The question is, then, how do we help ourselves and our clients get this internal stability?
To get to this point requires that eliminating two different kinds of beliefs. 1) Self-beliefs and 2) survival strategy beliefs.
1) Self-Beliefs
Self-beliefs are any beliefs you have about yourself. “I’m not good enough,” “I’m not important,” “I’m not worthwhile.” They tell you that you’re OK or not OK. When you eliminate a self-belief, you often feel that a weight has been lifted. A natural feeling of confidence rises up within you. It’s not forced. It’s just there. You also feel worthy for no reason at all. You just do.
2) Survival Strategy Beliefs
These are beliefs that say your self-worth is contingent on something “good” happening. A belief like “What makes me good enough is doing things perfectly” makes you feel you need to do something just right before you can feel OK. A belief like “What makes me important is achieving” makes you feel you must reach important goals to feel good about yourself.
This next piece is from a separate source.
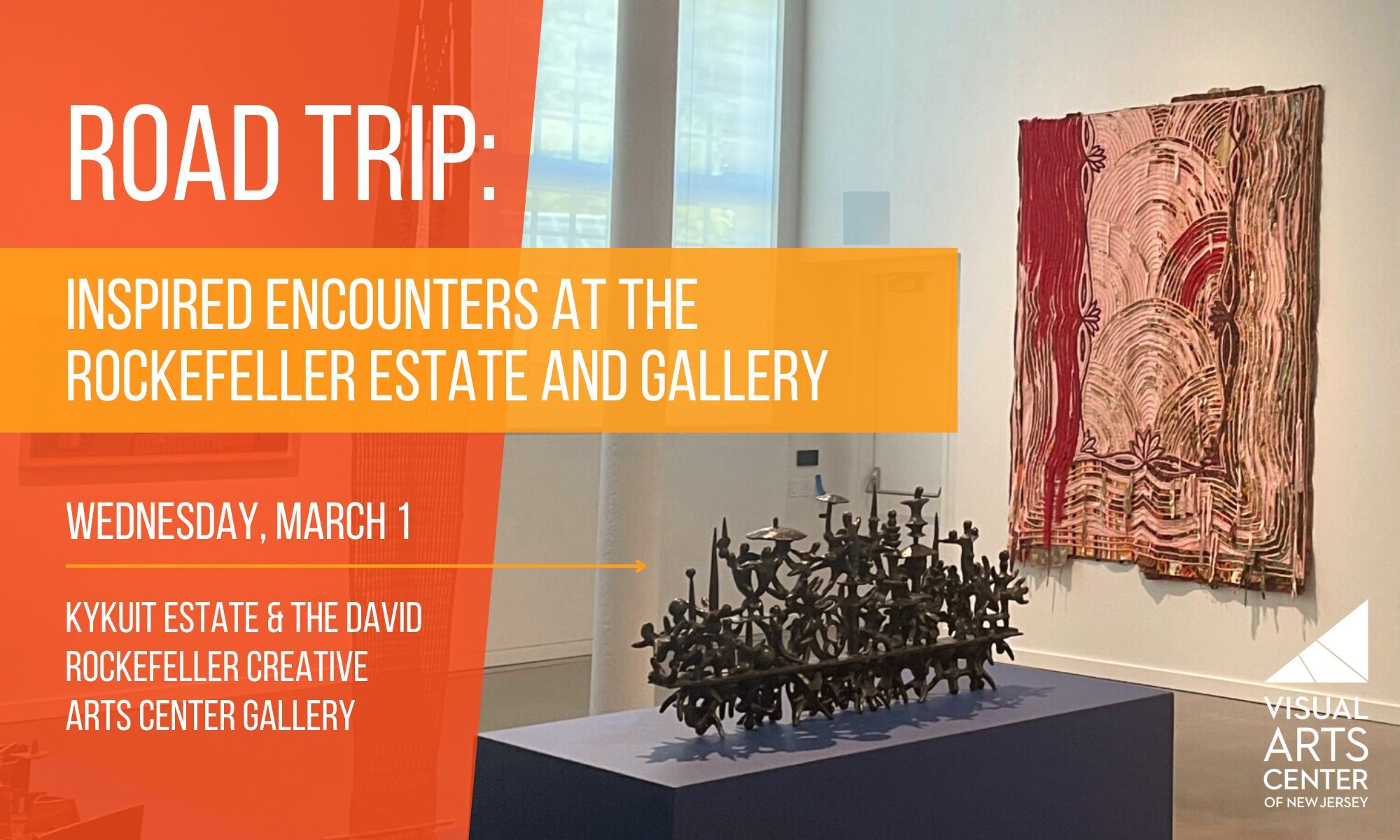 VACNJ Road Trip by Visual Arts Center of New Jersey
Both types of beliefs need to be eliminated to have unconditional self-worth.
I used to constantly worry about what others thought about me. After eliminating self-beliefs such as “I’m not good enough” and the survival strategy belief “What makes me good enough is having other people think well of me” my inner voice became quiet. I am now myself 24/7. I no longer feel defined by anything outside of me. It’s true freedom, and it makes my life way more fun.
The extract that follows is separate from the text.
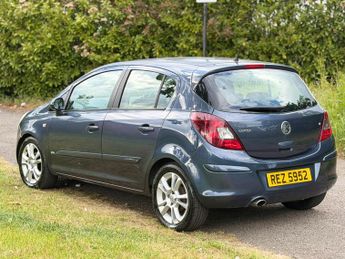 Vauxhall Corsa 1.4i 16v SXi Hatchback 5dr Petrol Automatic (166 g/km, 89 bhp)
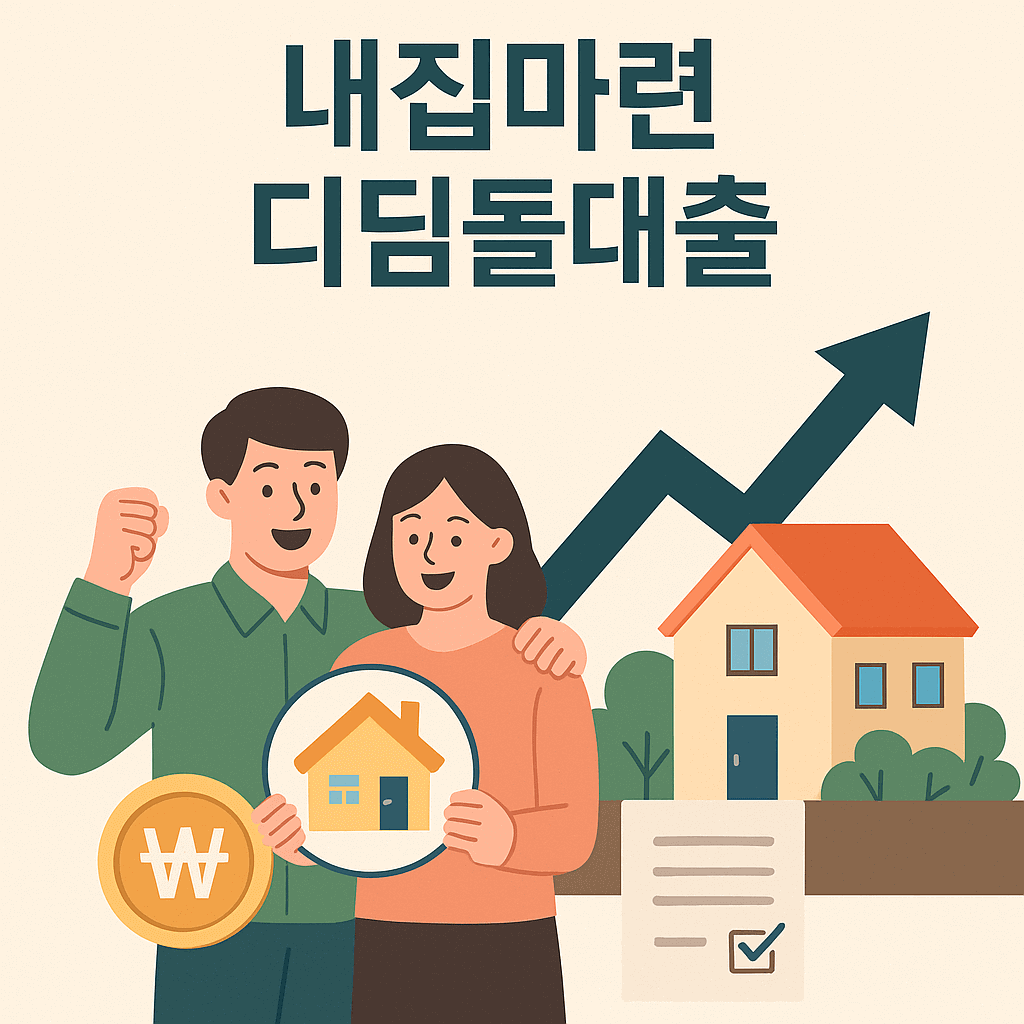 내가 놓친 정부 지원금 받기-내집마련 디딤돌 대출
But isn’t it natural to feel bad when things go wrong?
Yes, it is common for people to feel bad when things go wrong. When my husband died, I felt deep sorrow. I still miss him to this day. I’ll likely miss him for the rest of my life. However, I don’t feel bad about myself as a result of his passing.
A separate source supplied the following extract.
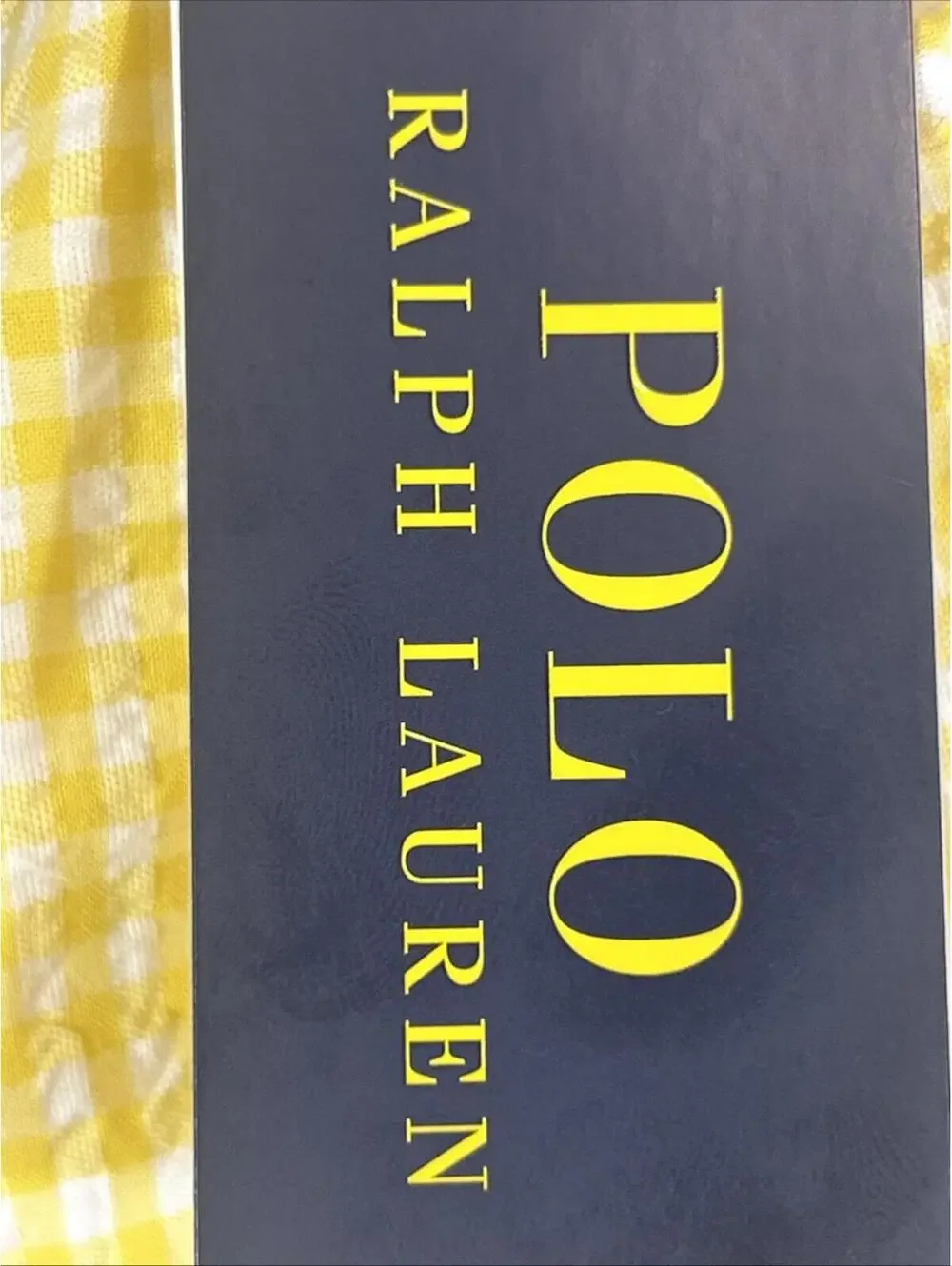 $75 Polo Ralph Lauren Kids Gingham Cotton Seersucker Dress Yellow 5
Since Morty passed, I’ve met other widows who felt incompetent or unworthy when they struggled to do what their husbands did for them, especially when they saw other people enjoying life while they were still grieving. Some negative feelings are, of course, natural. However, self-judgment can always be eliminated if we get rid of limiting beliefs about ourselves.
Our training program, LMT1: Core Belief Coaching, helps you get good at eliminating beliefs, particularly self-beliefs. Before the course is over, you’ll have helped your clients eliminate limiting beliefs.
Here’s what one of our students had to say about it:
Thanks to the thorough practicing I used the The Lefkoe Method NEXT DAY (without my notes handy) with a Deloitte & Touche client, who was so personally distraught, there was no point in talking business during our executive coaching session. If you could have seen the radiance on that face after an hour! So … the tool is powerful and rich!
Agnes Mura, MA MCC, Past President, LA PCMA
Yes, we have you practice so much that by the end, you’ll find you can help clients eliminate a belief even when you weren’t expecting to need the process with your client.
Summary
- Unconditional self-esteem is feeling OK about yourself regardless of what happens to you.
- It empowers you to do what matters in your life even when things don’t go your way.
- To gain unconditional self-worth, you need to eliminate two kinds of beliefs: 1) self-beliefs and 2) survival strategy beliefs.
- Feeling bad about some unwanted events can’t always be avoided, but we can keep from feeling bad about ourselves by eliminating limiting beliefs.
Typical strategies for raising self-esteem take a long time and can be like trying to unravel the Gordion Knot. Eliminating beliefs is a bit more like having Alexander’s sword cut through to immediate relief.